Le 24 avril 1915, les intellectuels et notables arméniens de Constantinople sont arrêtés. Ces évènements marquent le début du premier des génocides du XXème siècle. De mai 1915 à la fin 1916, 1.200.000 personnes, soit près de la moitié de la population arménienne de l’empire ottoman seront massacrées, par la volonté du parti au pouvoir, l’Ittihad.

Toujours nié par la Turquie, qui ne remet pas en cause l’existence de massacres, mais refuse de voir dans ces crimes un plan organisé par l’Etat, l’ « arménocide » constitue un des reproches souvent adressés à la Turquie. Rappelons que la diaspora arménienne compte en Europe 275.000 membres, dont 220.000 en France, qui militent pour le droit à la mémoire. Il leur est insupportable que les gouvernements successifs nient toujours le génocide. Les immigrés arméniens sont cependant bien plus virulents à ce sujet que les Arméniens vivant encore Turquie, peu enclins à une montée de la tension entre les deux communautés.

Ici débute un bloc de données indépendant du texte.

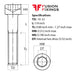 Size guide for 10-32 UNF x 1/4 Inch Socket Cap Head Screw, A2 Stainless Steel (ASME B18.3)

La reconnaissance par la Turquie du génocide arménien constitue l’un des points critiques en vue de son adhésion à l’Union Européenne, même si ce critère n’a pas été fixé comme une condition d’entrée le 17 décembre 2004. Le Parlement européen a reconnu le génocide arménien en 1987. Chypre (dès 1982), la Russie, la Bulgarie, la Grèce, la Belgique, la Suède, l’Italie, le Vatican, la France et plus récemment la Suisse ont fait de même.

Mais reconnaître le génocide arménien n’est pas tout. Cela n’est guère qu’une parole politique sans grande conséquence si la négation de ce génocide n’est pas condamnée. Or, dans de nombreux Etats incriminant le négationnisme, seul la négation du génocide des Juifs et des Tsiganes est sanctionnée pénalement. C’est le cas en France, en Allemagne, en Autriche, en Belgique, et au Luxembourg. Si cela peut paraître normal dans des Etats ne reconnaissant officiellement que le judéocide, la situation française et belge est plus choquante : pourquoi reconnaître le génocide arménien, mais permettre sa négation ? Par respect de la liberté d’expression ?

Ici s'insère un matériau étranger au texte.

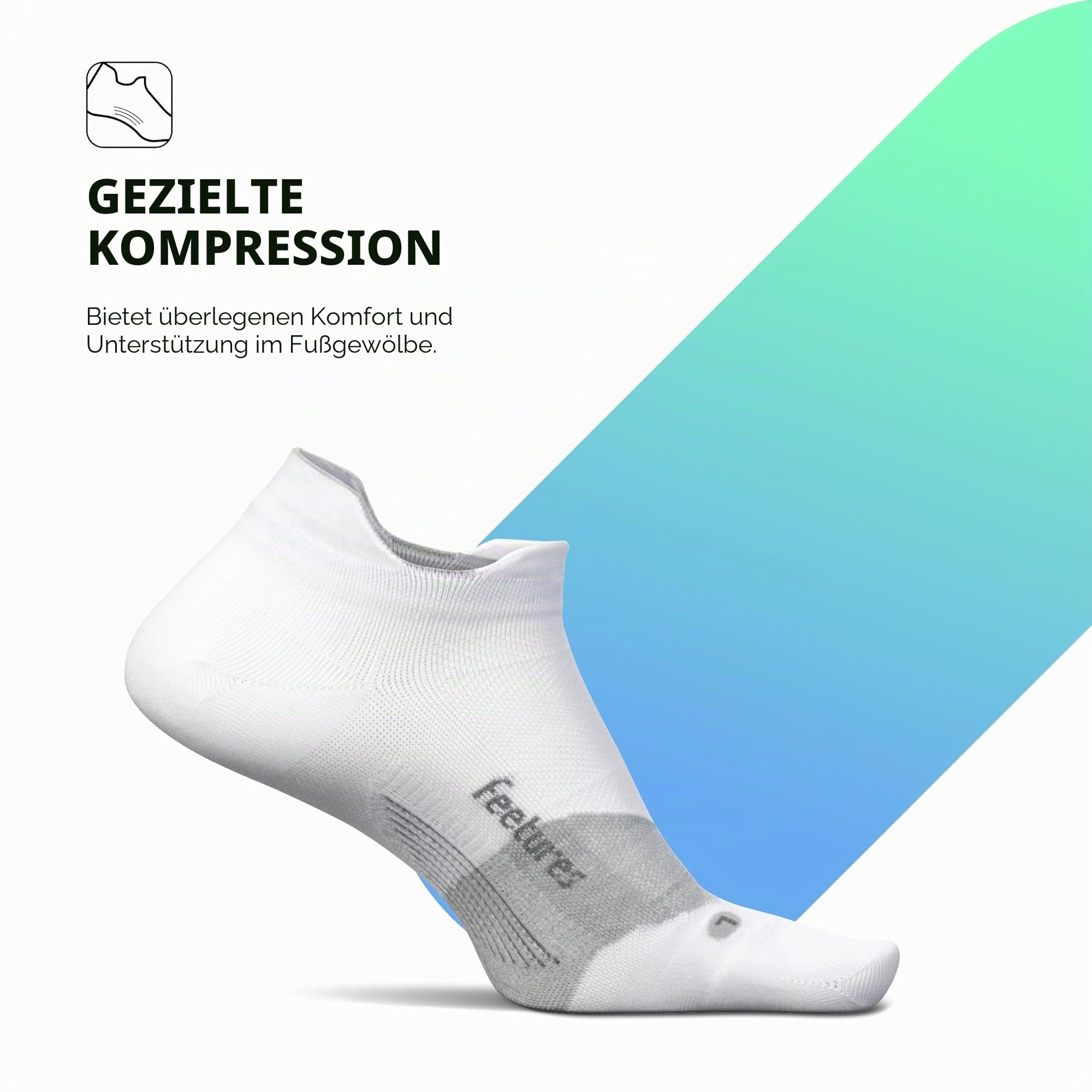 Feetures Elite Ultra Light No Show Tab | mit gezielter Kompression, Sportsocken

En Europe, il est difficile de trouver la trace d’une condamnation pour négation du génocide arménien en tant que telle. La décision d’un tribunal suisse, refusant de sanctionner un Turc défendant la version de l’histoire qu’on lui a enseigné à l’école n’est pas dénuée de fondement. Voilà le problème d’un négationnisme d’Etat, qui inculque à ses enfants une vision déformée de l’histoire dans ses écoles.

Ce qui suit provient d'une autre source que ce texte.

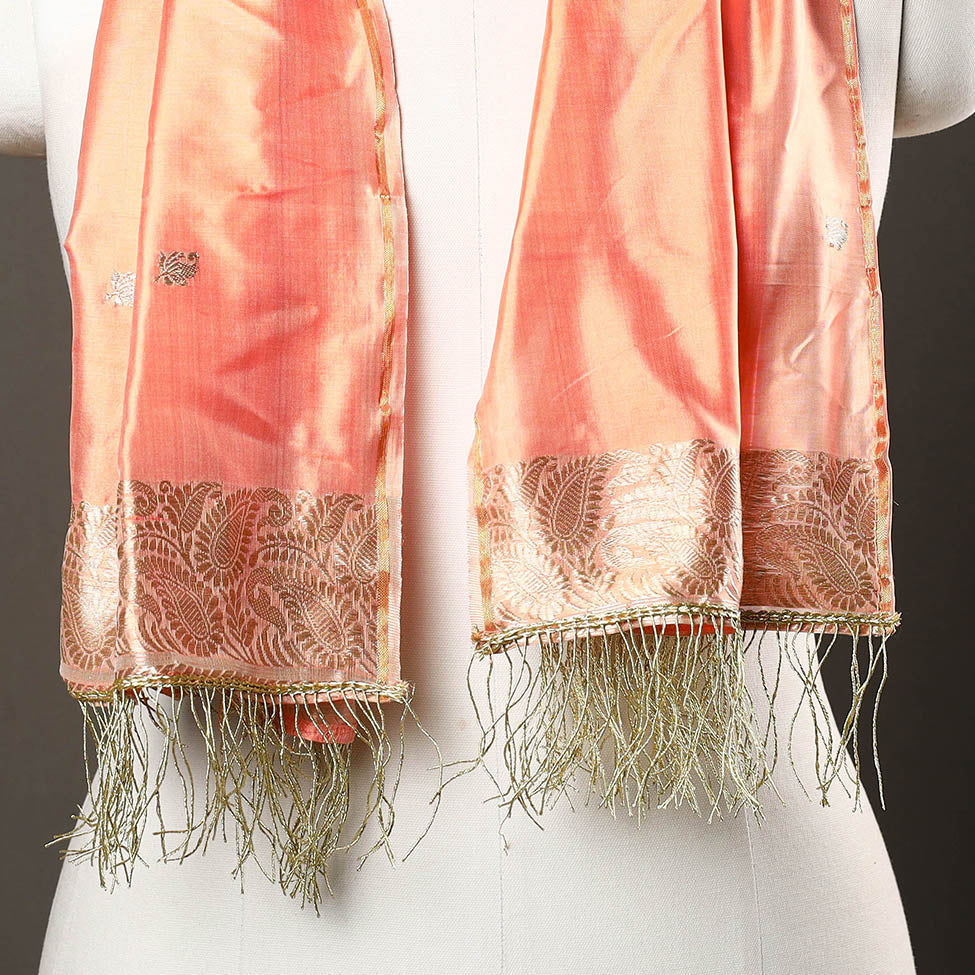 Peach - Brocade Handloom Pure Silk Banarasi Stole with Tassels 11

On peut espérer que la pression européenne se fera plus forte, même si personne ne demande à la Turquie d’indemniser les descendants des victimes, ou de modifier son territoire. Aujourd’hui, une évolution législative est envisageable. Ainsi, l’Allemagne semble se diriger vers une reconnaissance du génocide, tandis qu’en France, de nouvelles propositions de lois visant à incriminer sa négation ont été déposées.

En reconnaissant ses crimes passés, la Turquie soulagerait la communauté arménienne, et éviterait que de nombreux Turcs défendent, à leur insu, un mensonge historique. Ce serait là un acte chargé de symboles, et bénéfique à tous.